Top 5 Mistakes New Writers Make (and how to avoid them)

A common question I've been asked since starting this writing journey has to do with mistakes. Which makes perfect sense - everyone wants to know more than just what to do, they want to know what not to do.

I wanted to take the time today to talk about the five most common mistakes I see writers make (mostly beginners).

If you would rather hear me than read this long-winded post, make sure to watch the video below!

Do not feel bad if you find yourself making any one of these mistakes. The first step to correcting it is realizing that you're doing it, and the better you get as a writer, the easier it'll be to naturally avoid these things.

That's not to say that I never do any of these myself...I'm currently battling with a case of one of them in particular, but I'll get into that in a minute.

These aren't necessarily in any order, as I think all of them should be avoided equally.

A lot of new writers are concerned about writing enough for it to be considered an entire novel. Or they might be worried about writing every scene in fine detail so that the reader can picture it perfectly in their minds. Every beginning writer worries about this at some point, including me. I've come to realize, as most do, that I have plenty to write about. There's no need to over explain a situation and oftentimes the reader can build an image in their minds with minimal description required from you.

One thing that greatly contributes to this is an excitement for writing. You're finally doing it. You're writing a story that's been trapped in that brain of yours for months, sometimes years. At the end of a writing session, though, you might find that you've managed to write 1,600 words about your character getting ready in the morning.
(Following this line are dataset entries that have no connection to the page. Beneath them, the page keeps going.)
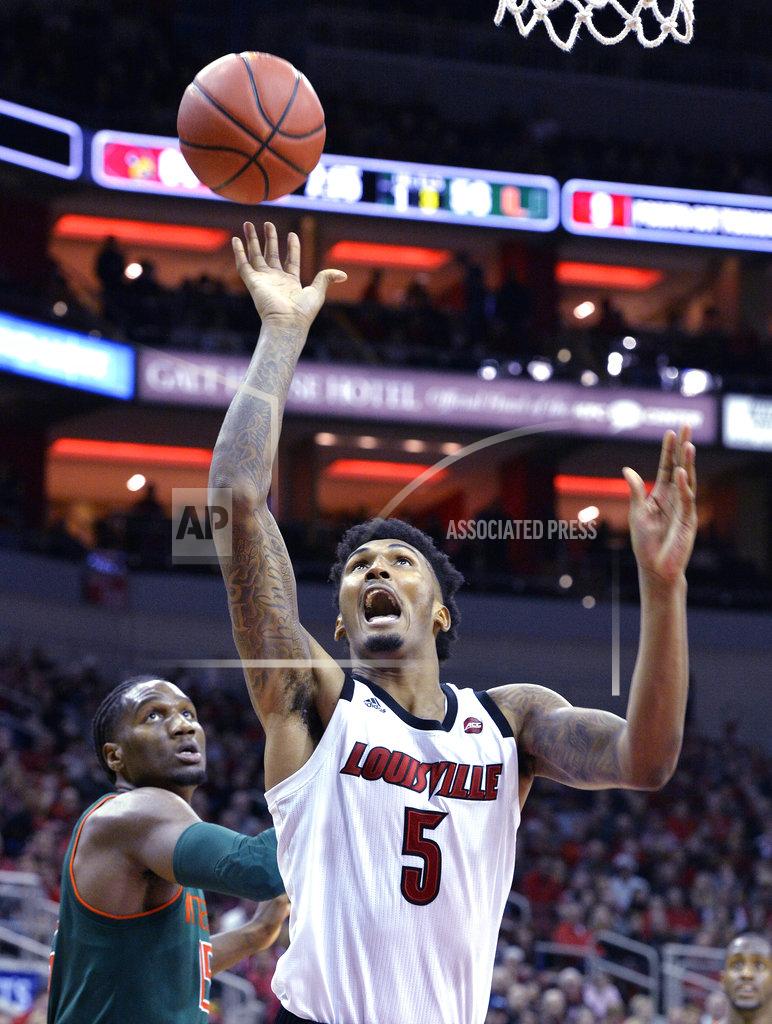 Timothy D. Easley Louisville center Malik Williams (5) attempts a shot away from the defense of Miami center Ebuka Izundu (15) during the second half of an NCAA college basketball game in Louisville, Ky., Sunday, Jan. 6, 2019. Louisville won 90-73. (AP Photo/Timothy D. Easley)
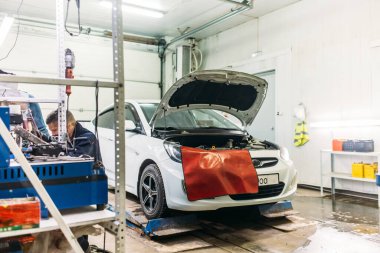 Otomobil atölyesinde kaputu açık bir servis arabası var.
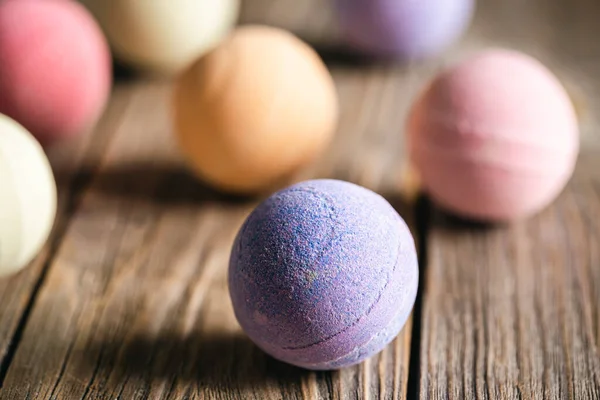Multi-colored bath bombs on a wooden background close-up, the concept of hygiene and aesthetics.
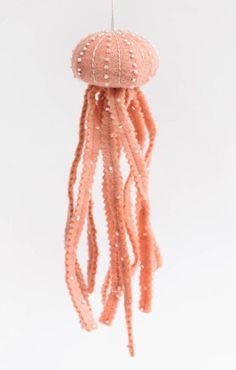 a pink jellyfish ornament hanging from a white ceiling with beads on it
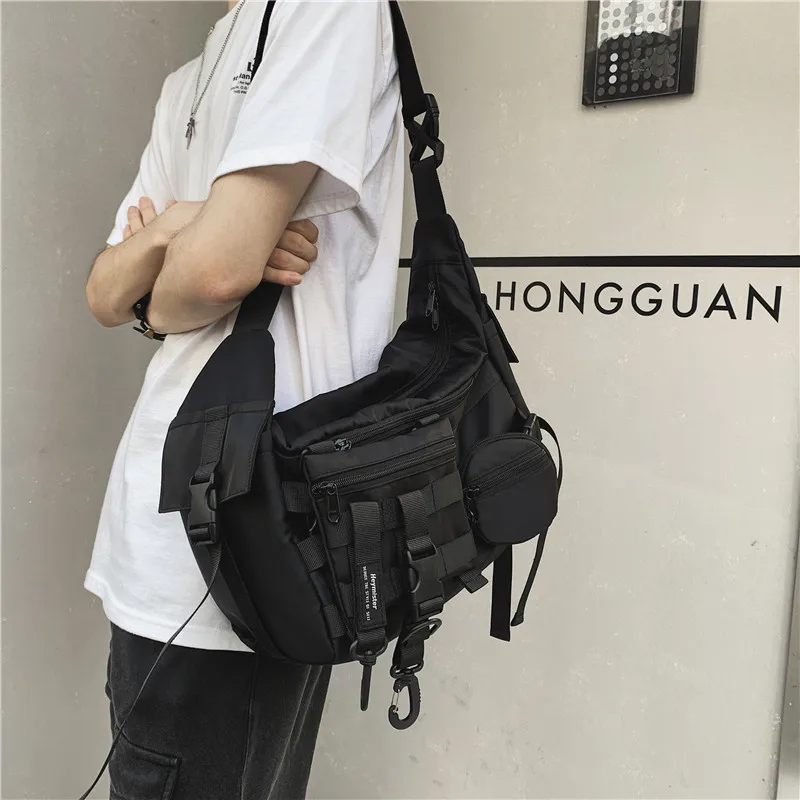 

Messenger bag men's tide brand large capacity shoulder bag diagonal bag ins Japanese tooling bag Unisex student shoulder bag.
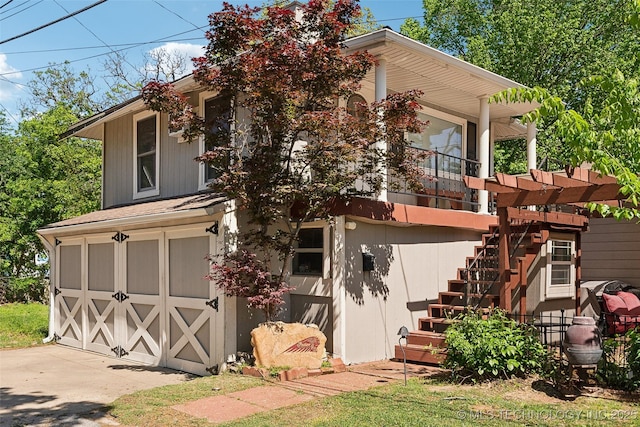 rear view of property featuring a garage and stairway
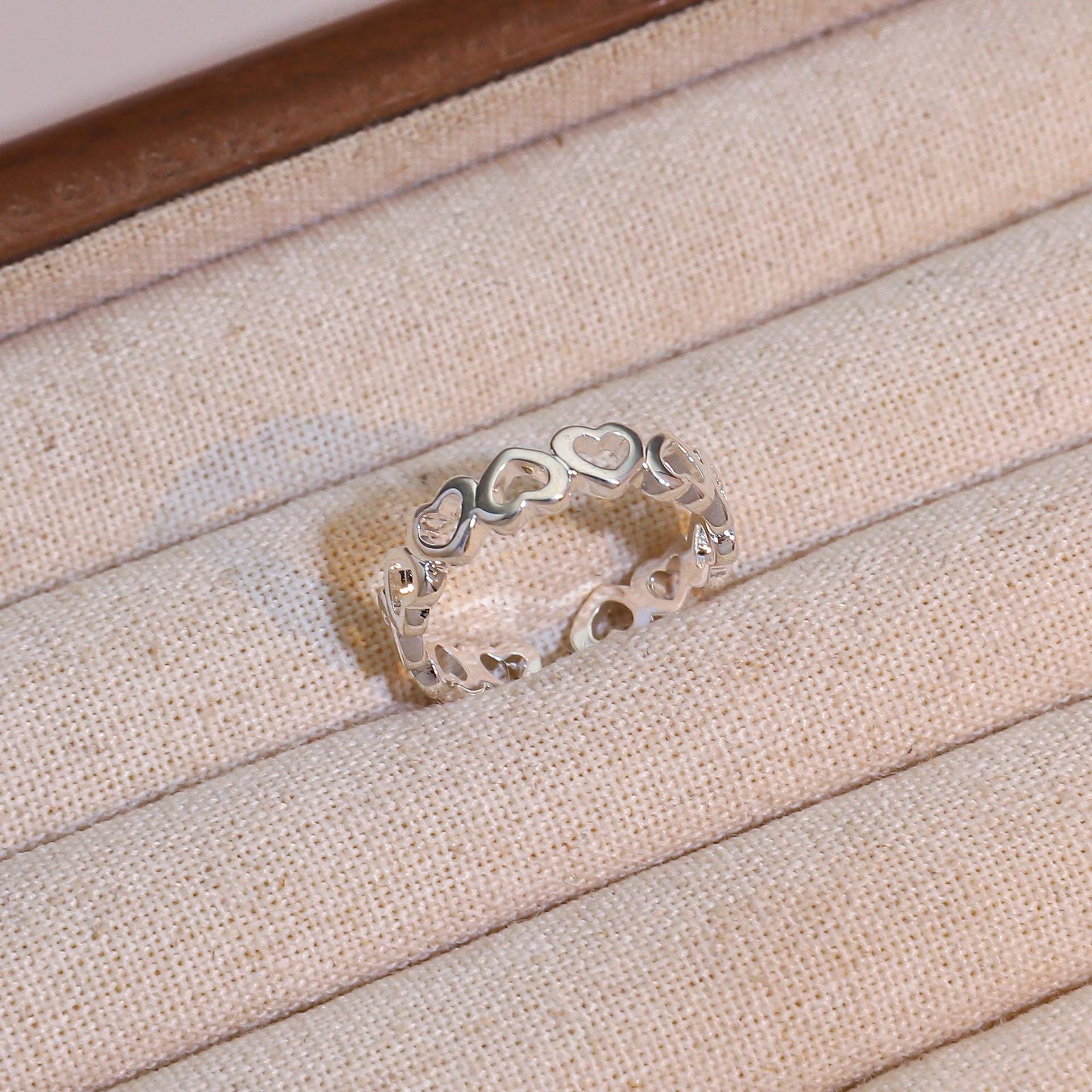 Wholesale Hollow heart knotted double-headed snake snowflake plum blossom opening adjustable ring five-piece set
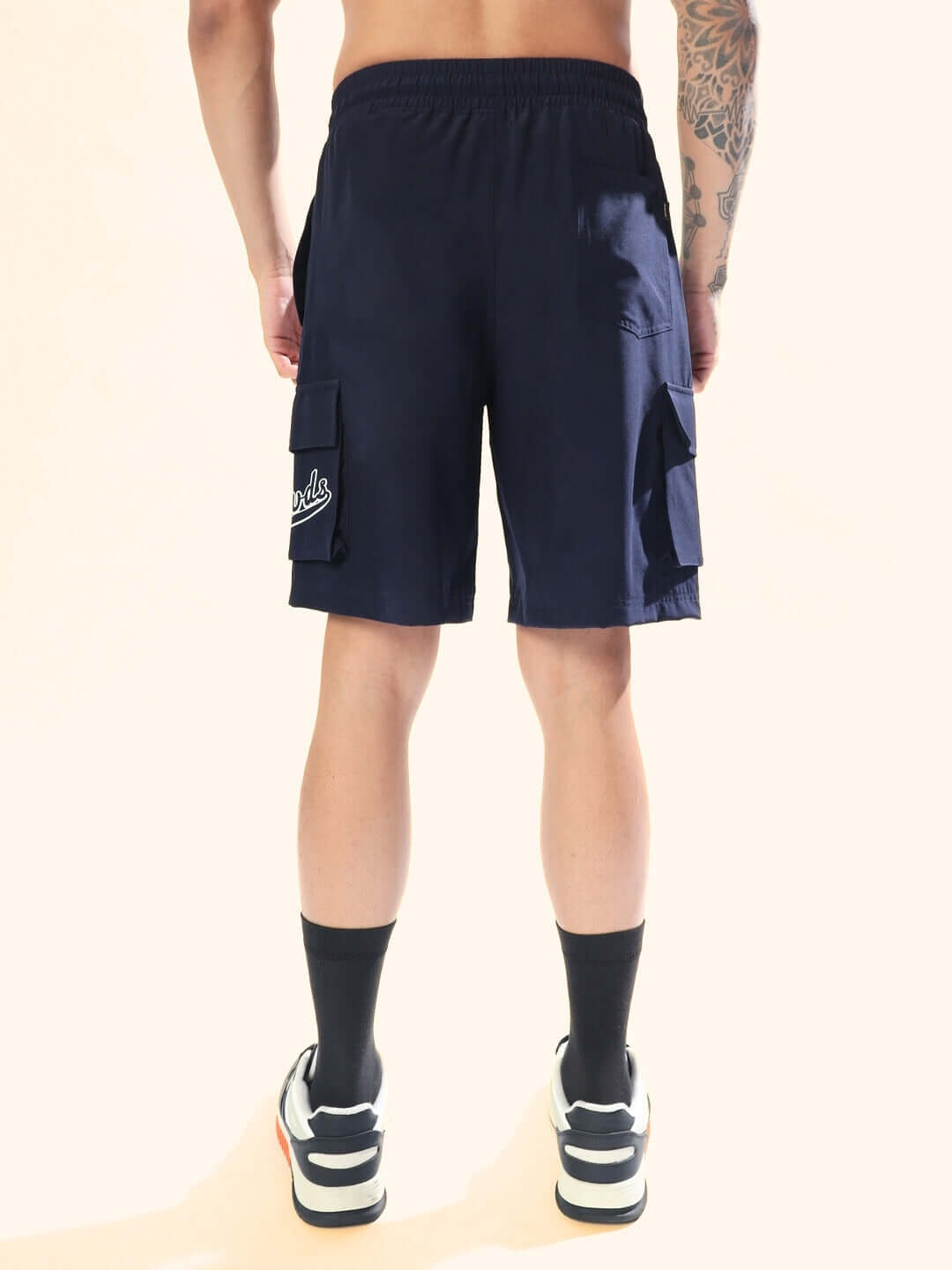 Back view of navy blue Brawny Cargo Shorts with pockets, perfect for custom fit options. Casual style for versatile wear.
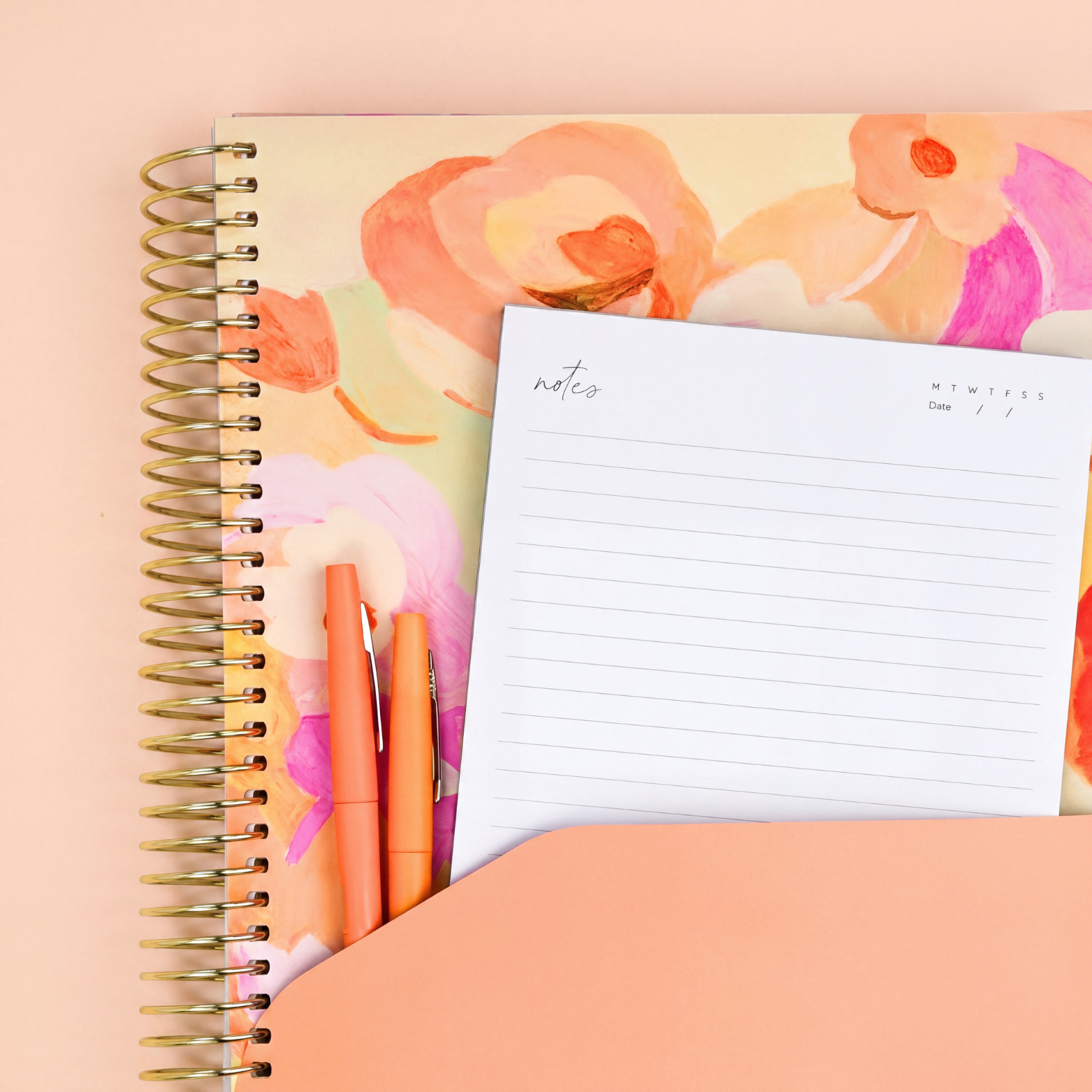 2027 Love Fool Signature Planner showing peach pocket sleeve with notes page and orange pens, gold coil on a peach background.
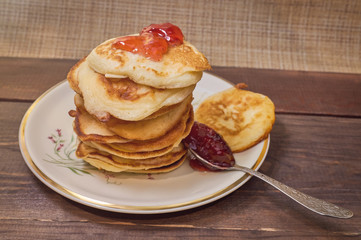 A pile of pancakes with jam and a spoon on a wooden background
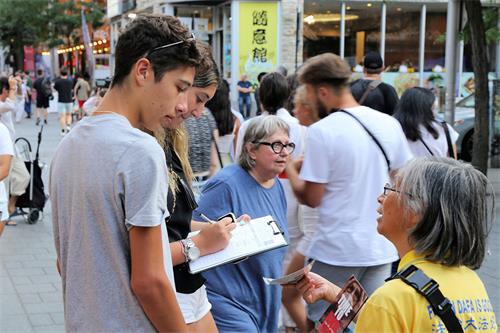 图7:二零二二年七月十九日，魁北克部分法轮功学员在蒙特利尔唐人街举行烛光夜悼。图为现在民众在制止迫害请愿书上签字。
There's absolutely nothing wrong with being excited as long as you're able to weed out the extra words in the editing phase.

To keep yourself from falling into the wordy McWord trap, you should periodically ask the question "Is this part really necessary?" Make sure that each word you write contributes something to the overall story. If it's not developing your character or creating suspense, adding tension or setting the scene, then you probably shouldn't take the time to write it.